Department of Internal Medicine / Endocrinology and Metabolism, University of Iowa and the Iowa City Veterans Affairs Medical Center, Iowa City, IA, 52242, United States of America.
NMR Core Facility, University of Iowa, Iowa City, IA, 52242, United States of America.


Oxygen consumption by isolated mitochondria is generally measured during state 4 respiration (no ATP production) or state 3 (maximal ATP production at high ADP availability). However, mitochondria in vivo do not function at either extreme. Here we used ADP recycling methodology to assess muscle mitochondrial function over intermediate clamped ADP concentrations.
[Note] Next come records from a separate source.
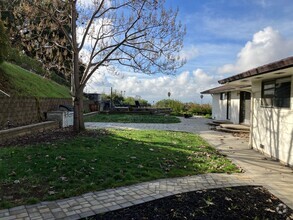 Building Photo - 3 bedroom, 3 bath hilltop oasis overlookin...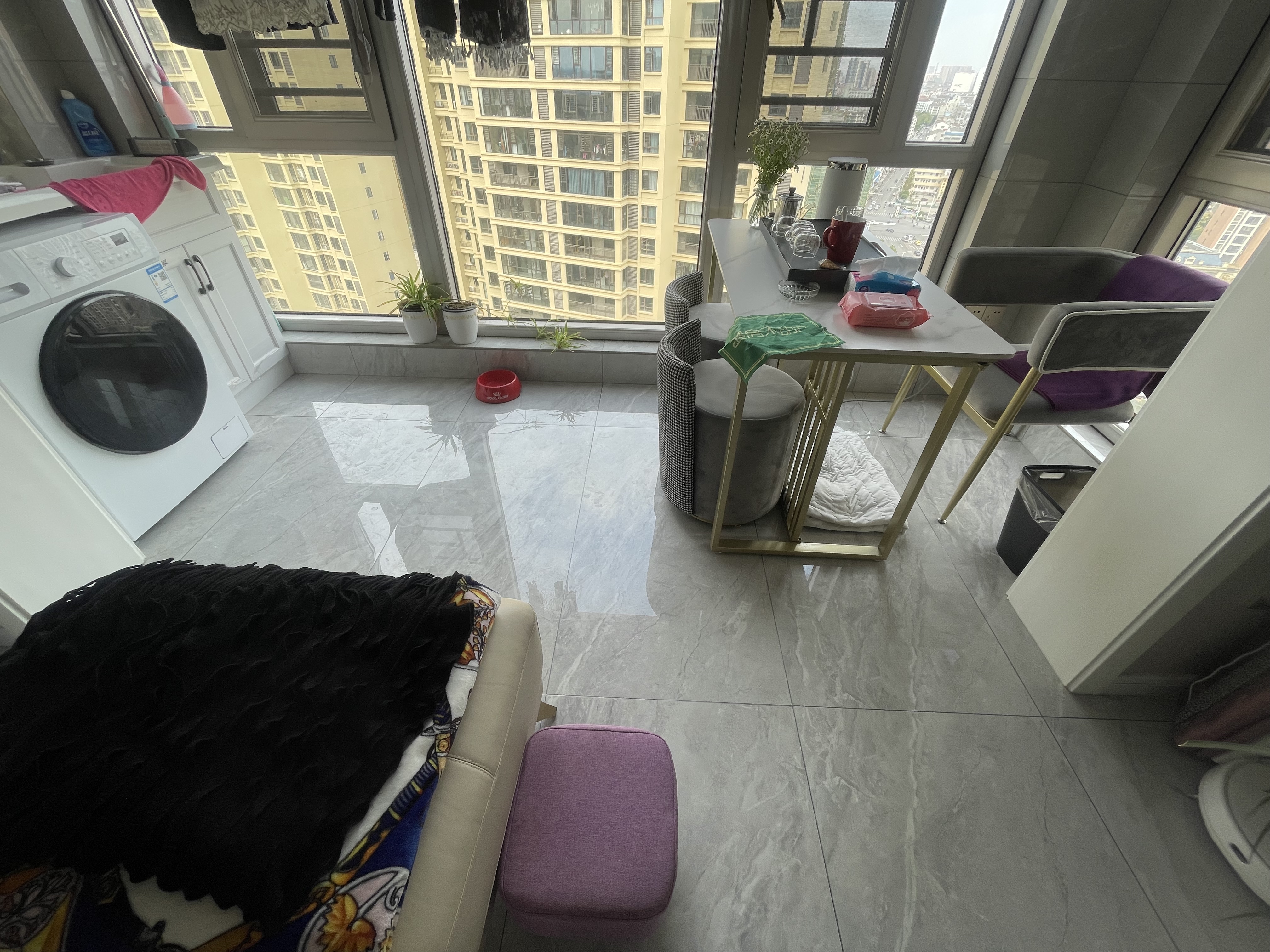 城南领秀城.精装三房.现代风格.边户.视野好采光好.小区绿化环绕.拎包入住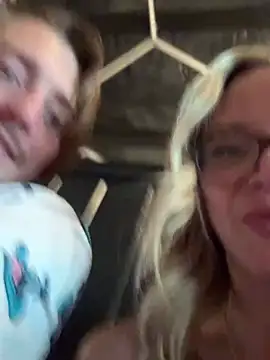 MessyNastyQueen online show from March 19, 2025, 9:16 pm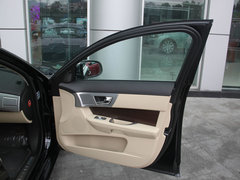 捷豹XF 2014款 2.0T Style Club限量版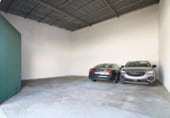 357m² warehouse for sale in Salteras, Calle Real photo
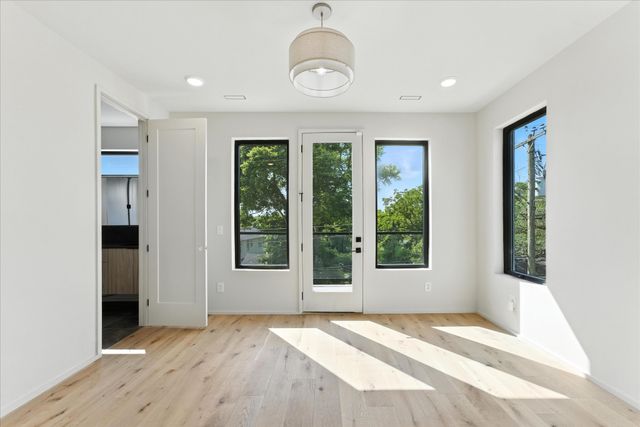 512 Weakley Ave, Nashville, TN 37207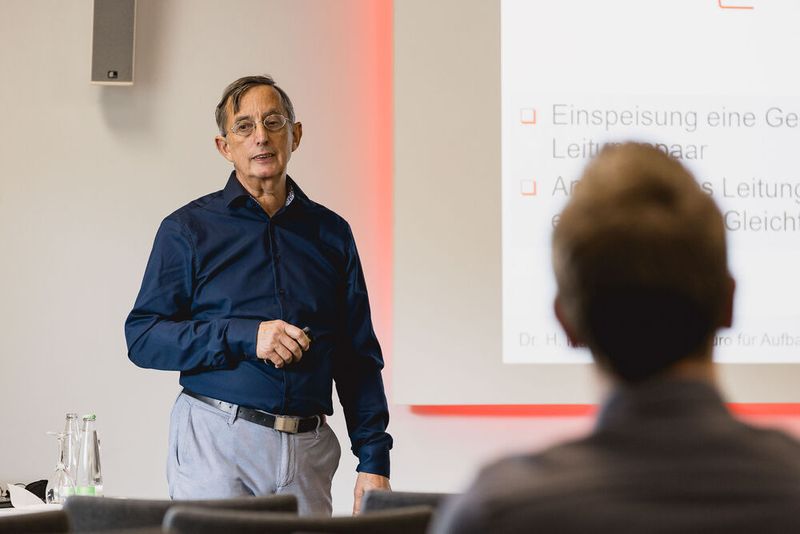 Impressionen vom Anwenderkongress Steckverbinder 2025. (Bild: Stefan Bausewein)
In so doing, we uncovered a previously unrecognized biphasic respiratory pattern wherein O2 flux on the complex II substrate, succinate, initially increased and peaked over low clamped ADP concentrations then decreased markedly at higher clamped concentrations. Mechanistic studies revealed no evidence that the observed changes in O2 flux were due to altered opening or function of the mitochondrial permeability transition pore or to changes in reactive oxygen. Based on metabolite and functional metabolic data, we propose a multifactorial mechanism that consists of coordinate changes that follow from reduced membrane potential (as the ADP concentration in increased). These changes include altered directional electron flow, altered NADH/NAD+ redox cycling, metabolite exit, and OAA inhibition of succinate dehydrogenase. In summary, we report a previously unrecognized pattern for complex II energized O2 flux. Moreover, our findings suggest that the ADP recycling approach might be more widely adapted for mitochondrial studies.